Task goal - Beginning with the line containing "Lãnh đạo thành" and ending with the line containing "Decoraciones navideñas transfronterizas", write out each line of the records below exactly; pictures and lines outside that range are left out.

*** Opening Dataset records ***

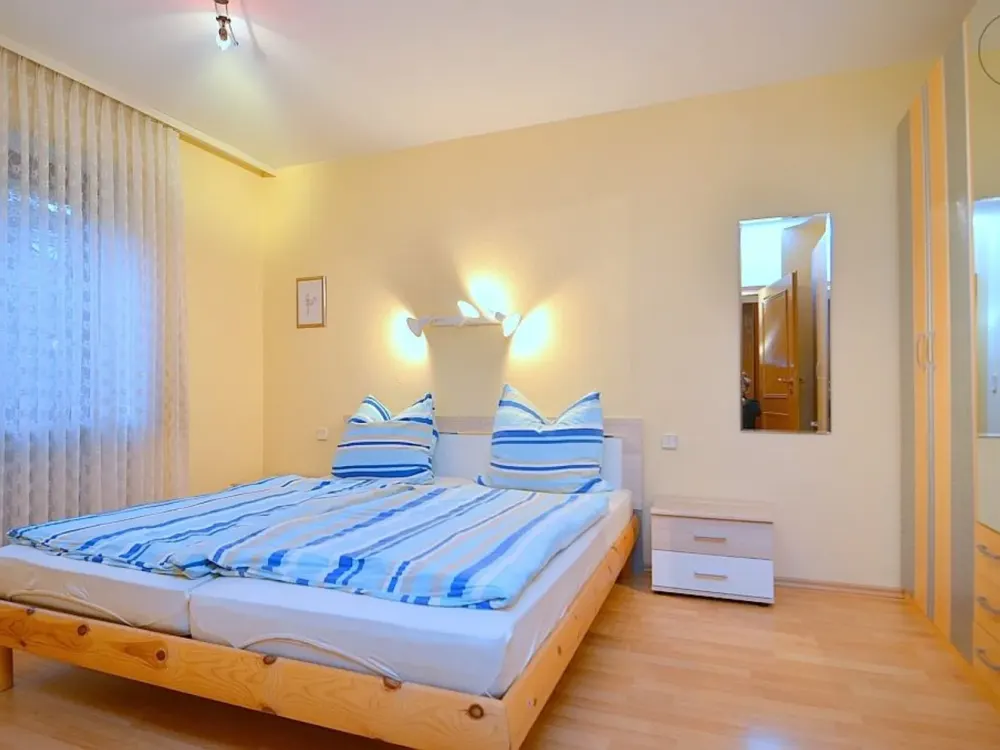 Gemütlich möblierte 2,5-Zimmer-Wohnung mit Terrasse und WLAN in Nürnberg/Thon
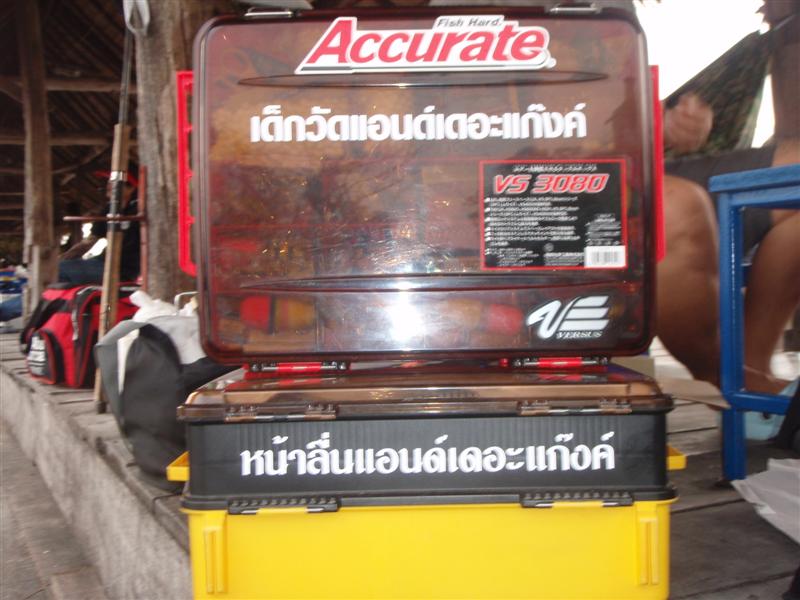 ติดแล้วเท่ห์อย่าบอกใคร..ติดที่กล่อง...กล่องดูดีมีราคากันเห็นๆ..

แต่ถ้าติดที่รถ..รถก็โดนทุบแต่ไม่เ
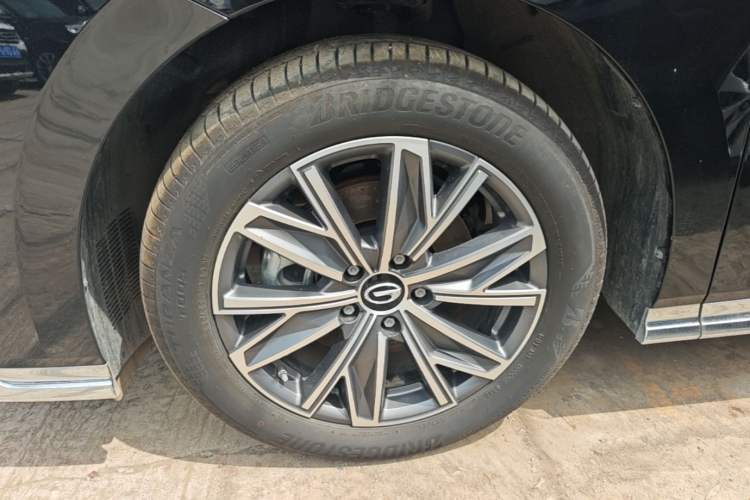 Used GAC Trumpchi M8 2024 Master Series 400T Prestige Edition Left Front Wheel Hub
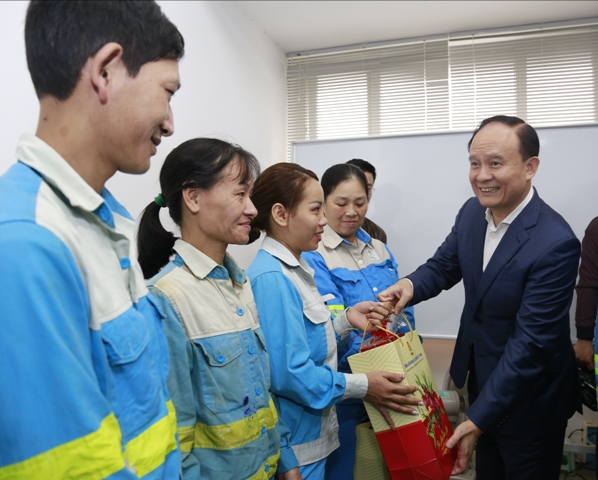 Lãnh đạo thành phố Hà Nội thăm, chúc Tết các đơn vị ứng trực, phục vụ Tết - Ảnh 5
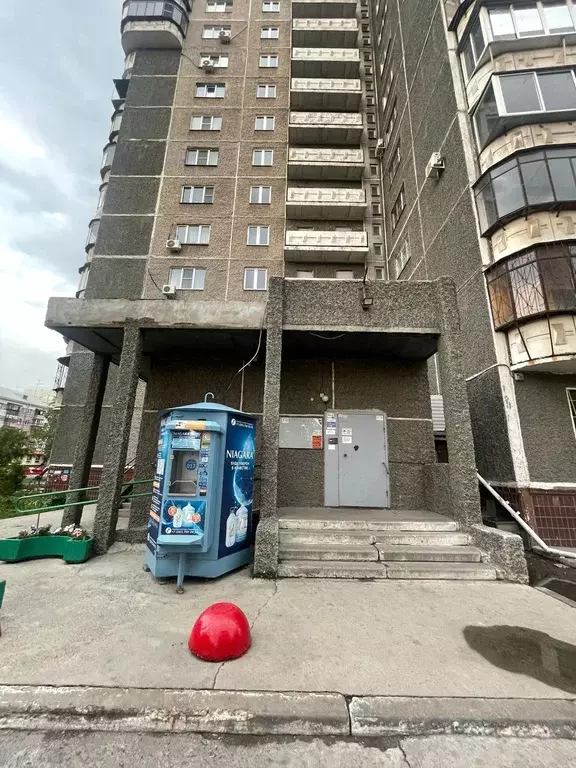 Продаётся 2-к квартира, 56 м - Фото 0
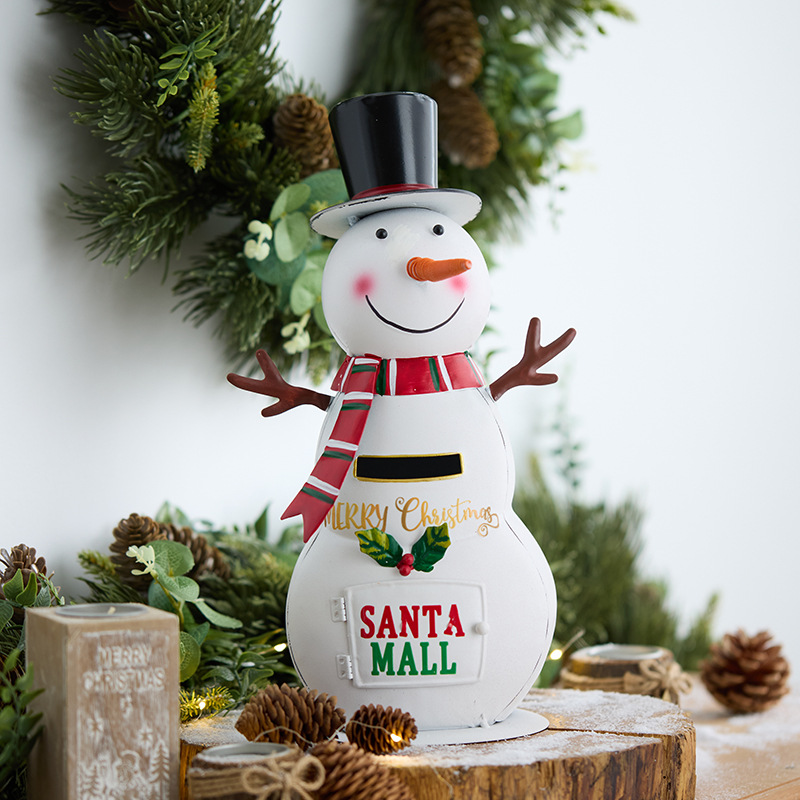 Decoraciones navideñas transfronterizas de hierro árbol de Navidad caja de correo tren tren tren tirando de viejo muñeco de nieve coche con adornos de lámpara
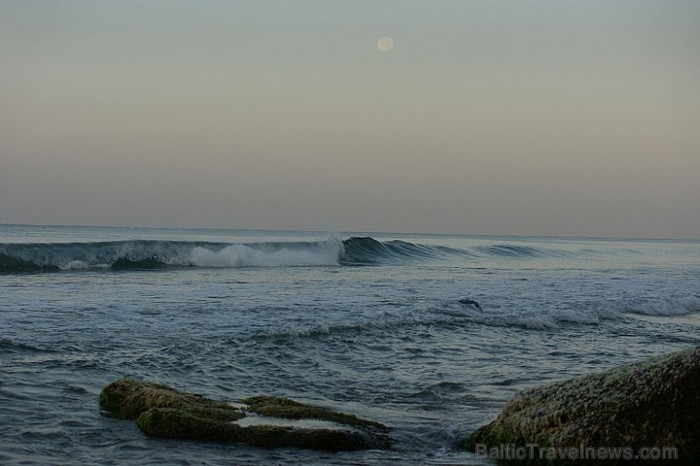 Saule satiek no rīta mēnesi jūrā.  Foto: Guna Bērziņa 57211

*** Closing Dataset records ***

Solution to the problem -
 Lãnh đạo thành phố Hà Nội thăm, chúc Tết các đơn vị ứng trực, phục vụ Tết - Ảnh 5
 Продаётся 2-к квартира, 56 м - Фото 0
 Decoraciones navideñas transfronterizas de hierro árbol de Navidad caja de correo tren tren tren tirando de viejo muñeco de nieve coche con adornos de lámpara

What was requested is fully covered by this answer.